■ **WHAT TO DO**:
Starting at the line that holds "Officially licensed fourth" and stopping at the line that holds "Colorful Crochet Micro", restate the records below word for word, with both of those lines included.
-=-=-=-=-
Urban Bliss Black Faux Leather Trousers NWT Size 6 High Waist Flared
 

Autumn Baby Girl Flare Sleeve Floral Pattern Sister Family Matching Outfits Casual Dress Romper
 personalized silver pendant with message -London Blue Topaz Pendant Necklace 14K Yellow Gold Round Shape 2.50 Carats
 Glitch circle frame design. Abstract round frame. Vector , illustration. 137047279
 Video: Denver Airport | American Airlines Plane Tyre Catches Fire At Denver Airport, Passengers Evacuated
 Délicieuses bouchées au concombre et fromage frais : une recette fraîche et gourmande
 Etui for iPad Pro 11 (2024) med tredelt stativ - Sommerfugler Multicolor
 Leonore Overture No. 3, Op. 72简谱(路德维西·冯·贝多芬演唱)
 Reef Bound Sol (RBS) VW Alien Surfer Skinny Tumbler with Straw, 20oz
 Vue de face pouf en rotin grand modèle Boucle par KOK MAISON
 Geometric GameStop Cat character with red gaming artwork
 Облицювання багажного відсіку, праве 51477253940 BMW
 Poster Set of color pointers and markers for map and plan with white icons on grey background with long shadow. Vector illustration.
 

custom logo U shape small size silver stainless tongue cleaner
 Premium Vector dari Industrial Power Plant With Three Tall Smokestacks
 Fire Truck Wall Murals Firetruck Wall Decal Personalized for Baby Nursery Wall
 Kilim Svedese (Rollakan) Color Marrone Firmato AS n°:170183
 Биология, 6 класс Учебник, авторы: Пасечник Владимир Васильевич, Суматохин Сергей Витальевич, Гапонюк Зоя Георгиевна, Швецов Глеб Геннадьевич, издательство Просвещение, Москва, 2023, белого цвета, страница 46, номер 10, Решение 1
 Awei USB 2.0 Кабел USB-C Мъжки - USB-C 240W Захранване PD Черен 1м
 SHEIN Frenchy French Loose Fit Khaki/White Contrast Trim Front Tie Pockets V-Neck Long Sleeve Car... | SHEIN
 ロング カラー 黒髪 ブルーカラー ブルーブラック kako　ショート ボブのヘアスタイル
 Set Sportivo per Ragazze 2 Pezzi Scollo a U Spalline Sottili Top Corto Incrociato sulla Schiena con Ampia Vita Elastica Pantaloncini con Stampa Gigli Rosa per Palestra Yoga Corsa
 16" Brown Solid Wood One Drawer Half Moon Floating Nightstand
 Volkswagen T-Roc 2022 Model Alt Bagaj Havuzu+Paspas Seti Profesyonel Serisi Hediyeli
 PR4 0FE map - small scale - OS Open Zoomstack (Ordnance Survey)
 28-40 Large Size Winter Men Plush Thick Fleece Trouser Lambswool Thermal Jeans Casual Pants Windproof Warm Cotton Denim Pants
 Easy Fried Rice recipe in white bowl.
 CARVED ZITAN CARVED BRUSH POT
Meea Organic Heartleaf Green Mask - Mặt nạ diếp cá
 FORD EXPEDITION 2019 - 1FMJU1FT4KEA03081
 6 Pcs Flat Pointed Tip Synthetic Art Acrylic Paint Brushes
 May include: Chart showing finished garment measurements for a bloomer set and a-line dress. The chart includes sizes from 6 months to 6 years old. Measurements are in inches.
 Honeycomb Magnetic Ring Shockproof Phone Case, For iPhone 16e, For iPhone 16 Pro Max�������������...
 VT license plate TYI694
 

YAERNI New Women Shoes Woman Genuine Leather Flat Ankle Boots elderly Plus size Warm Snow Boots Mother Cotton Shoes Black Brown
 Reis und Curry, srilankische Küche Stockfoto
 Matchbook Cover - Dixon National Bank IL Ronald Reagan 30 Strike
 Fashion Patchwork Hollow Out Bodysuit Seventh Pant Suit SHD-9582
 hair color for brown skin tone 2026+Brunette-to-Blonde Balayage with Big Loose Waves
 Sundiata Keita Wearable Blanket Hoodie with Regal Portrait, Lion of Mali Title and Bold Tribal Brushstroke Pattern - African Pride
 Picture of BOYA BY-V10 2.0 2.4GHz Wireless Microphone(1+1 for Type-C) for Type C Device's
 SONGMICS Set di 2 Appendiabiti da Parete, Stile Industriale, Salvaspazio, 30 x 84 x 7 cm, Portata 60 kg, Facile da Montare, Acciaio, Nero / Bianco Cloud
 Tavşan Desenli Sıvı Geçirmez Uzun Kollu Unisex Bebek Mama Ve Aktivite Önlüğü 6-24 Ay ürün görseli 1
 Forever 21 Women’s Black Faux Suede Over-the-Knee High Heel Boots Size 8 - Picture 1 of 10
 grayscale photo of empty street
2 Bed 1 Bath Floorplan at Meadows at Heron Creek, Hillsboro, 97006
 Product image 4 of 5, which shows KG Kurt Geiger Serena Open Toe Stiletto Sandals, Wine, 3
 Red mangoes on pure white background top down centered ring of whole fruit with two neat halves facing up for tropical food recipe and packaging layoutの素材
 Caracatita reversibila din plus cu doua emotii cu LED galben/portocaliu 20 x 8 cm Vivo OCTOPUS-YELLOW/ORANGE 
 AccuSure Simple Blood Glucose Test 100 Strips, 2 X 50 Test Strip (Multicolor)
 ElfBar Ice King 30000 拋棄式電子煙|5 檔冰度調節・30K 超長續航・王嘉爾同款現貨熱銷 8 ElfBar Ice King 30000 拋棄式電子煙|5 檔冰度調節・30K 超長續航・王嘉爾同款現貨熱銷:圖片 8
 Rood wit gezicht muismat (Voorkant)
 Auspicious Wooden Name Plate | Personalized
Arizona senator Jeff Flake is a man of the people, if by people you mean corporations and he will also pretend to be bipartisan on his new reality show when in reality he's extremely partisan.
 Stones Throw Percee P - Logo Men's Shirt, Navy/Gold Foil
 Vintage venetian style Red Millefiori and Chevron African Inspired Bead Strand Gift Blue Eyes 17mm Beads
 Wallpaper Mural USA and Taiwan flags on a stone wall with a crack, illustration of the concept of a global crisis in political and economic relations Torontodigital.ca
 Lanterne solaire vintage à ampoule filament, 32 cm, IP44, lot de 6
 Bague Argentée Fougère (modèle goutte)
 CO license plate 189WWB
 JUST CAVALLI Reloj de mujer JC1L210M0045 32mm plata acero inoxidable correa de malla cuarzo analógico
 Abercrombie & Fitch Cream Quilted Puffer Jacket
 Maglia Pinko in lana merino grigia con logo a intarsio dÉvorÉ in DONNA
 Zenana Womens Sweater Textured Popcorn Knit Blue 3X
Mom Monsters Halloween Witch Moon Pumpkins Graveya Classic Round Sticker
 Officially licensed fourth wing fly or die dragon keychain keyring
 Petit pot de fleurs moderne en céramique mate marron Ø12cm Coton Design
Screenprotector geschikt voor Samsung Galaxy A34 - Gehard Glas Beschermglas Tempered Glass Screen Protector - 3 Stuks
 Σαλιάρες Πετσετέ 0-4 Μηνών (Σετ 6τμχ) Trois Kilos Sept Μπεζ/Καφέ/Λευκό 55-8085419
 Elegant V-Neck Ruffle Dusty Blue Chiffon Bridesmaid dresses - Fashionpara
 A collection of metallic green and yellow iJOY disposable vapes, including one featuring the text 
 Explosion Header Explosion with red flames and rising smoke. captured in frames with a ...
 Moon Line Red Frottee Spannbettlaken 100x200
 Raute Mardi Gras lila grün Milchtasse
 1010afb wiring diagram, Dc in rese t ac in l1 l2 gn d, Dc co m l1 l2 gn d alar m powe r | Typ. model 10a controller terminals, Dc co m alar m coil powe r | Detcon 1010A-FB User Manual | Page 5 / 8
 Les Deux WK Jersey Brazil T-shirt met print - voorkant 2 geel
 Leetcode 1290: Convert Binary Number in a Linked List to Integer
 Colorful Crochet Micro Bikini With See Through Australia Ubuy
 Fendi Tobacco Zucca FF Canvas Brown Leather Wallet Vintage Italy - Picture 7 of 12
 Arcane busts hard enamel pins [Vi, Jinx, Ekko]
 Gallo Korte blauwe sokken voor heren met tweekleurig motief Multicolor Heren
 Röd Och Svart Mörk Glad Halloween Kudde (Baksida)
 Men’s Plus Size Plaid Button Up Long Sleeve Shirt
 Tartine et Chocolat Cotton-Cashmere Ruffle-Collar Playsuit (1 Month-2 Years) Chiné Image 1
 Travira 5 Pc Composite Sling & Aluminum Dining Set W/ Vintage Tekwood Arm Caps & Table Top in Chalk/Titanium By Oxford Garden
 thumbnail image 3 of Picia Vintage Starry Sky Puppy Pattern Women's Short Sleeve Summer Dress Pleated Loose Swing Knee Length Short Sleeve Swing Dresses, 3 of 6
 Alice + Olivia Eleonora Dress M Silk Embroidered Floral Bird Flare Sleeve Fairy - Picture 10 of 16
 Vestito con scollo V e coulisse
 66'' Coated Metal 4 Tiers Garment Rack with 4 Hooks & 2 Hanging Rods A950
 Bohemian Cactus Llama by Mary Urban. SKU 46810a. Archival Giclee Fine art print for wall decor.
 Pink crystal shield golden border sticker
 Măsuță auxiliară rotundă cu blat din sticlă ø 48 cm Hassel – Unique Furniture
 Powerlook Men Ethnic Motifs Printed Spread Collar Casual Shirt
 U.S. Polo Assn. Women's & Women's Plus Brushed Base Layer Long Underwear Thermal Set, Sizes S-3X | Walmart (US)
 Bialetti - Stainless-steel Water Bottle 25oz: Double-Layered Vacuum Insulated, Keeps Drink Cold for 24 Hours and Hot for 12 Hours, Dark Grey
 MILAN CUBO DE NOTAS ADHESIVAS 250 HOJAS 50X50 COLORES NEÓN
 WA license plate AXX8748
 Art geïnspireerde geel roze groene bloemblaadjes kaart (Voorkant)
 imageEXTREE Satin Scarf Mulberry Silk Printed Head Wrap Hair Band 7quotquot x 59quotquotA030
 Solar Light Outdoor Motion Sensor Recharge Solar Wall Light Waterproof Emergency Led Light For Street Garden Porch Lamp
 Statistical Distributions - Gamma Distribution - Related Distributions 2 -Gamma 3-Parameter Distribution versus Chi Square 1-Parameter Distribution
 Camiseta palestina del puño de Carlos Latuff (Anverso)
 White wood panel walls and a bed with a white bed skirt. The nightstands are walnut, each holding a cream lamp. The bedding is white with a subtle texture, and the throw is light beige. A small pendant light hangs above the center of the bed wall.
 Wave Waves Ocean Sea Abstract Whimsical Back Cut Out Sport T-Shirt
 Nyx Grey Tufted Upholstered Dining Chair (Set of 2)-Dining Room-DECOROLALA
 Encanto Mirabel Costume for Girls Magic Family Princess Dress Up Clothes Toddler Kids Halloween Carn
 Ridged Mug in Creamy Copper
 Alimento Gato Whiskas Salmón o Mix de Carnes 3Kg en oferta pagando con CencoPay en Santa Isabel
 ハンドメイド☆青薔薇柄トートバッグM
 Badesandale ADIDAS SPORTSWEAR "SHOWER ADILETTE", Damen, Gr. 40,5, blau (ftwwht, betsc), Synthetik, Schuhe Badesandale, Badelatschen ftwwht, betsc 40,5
-=-=-=-=-
■ **YOUR RESPONSE**:
 Officially licensed fourth wing fly or die dragon keychain keyring
 Petit pot de fleurs moderne en céramique mate marron Ø12cm Coton Design
Screenprotector geschikt voor Samsung Galaxy A34 - Gehard Glas Beschermglas Tempered Glass Screen Protector - 3 Stuks
 Σαλιάρες Πετσετέ 0-4 Μηνών (Σετ 6τμχ) Trois Kilos Sept Μπεζ/Καφέ/Λευκό 55-8085419
 Elegant V-Neck Ruffle Dusty Blue Chiffon Bridesmaid dresses - Fashionpara
 A collection of metallic green and yellow iJOY disposable vapes, including one featuring the text 
 Explosion Header Explosion with red flames and rising smoke. captured in frames with a ...
 Moon Line Red Frottee Spannbettlaken 100x200
 Raute Mardi Gras lila grün Milchtasse
 1010afb wiring diagram, Dc in rese t ac in l1 l2 gn d, Dc co m l1 l2 gn d alar m powe r | Typ. model 10a controller terminals, Dc co m alar m coil powe r | Detcon 1010A-FB User Manual | Page 5 / 8
 Les Deux WK Jersey Brazil T-shirt met print - voorkant 2 geel
 Leetcode 1290: Convert Binary Number in a Linked List to Integer
 Colorful Crochet Micro Bikini With See Through Australia Ubuy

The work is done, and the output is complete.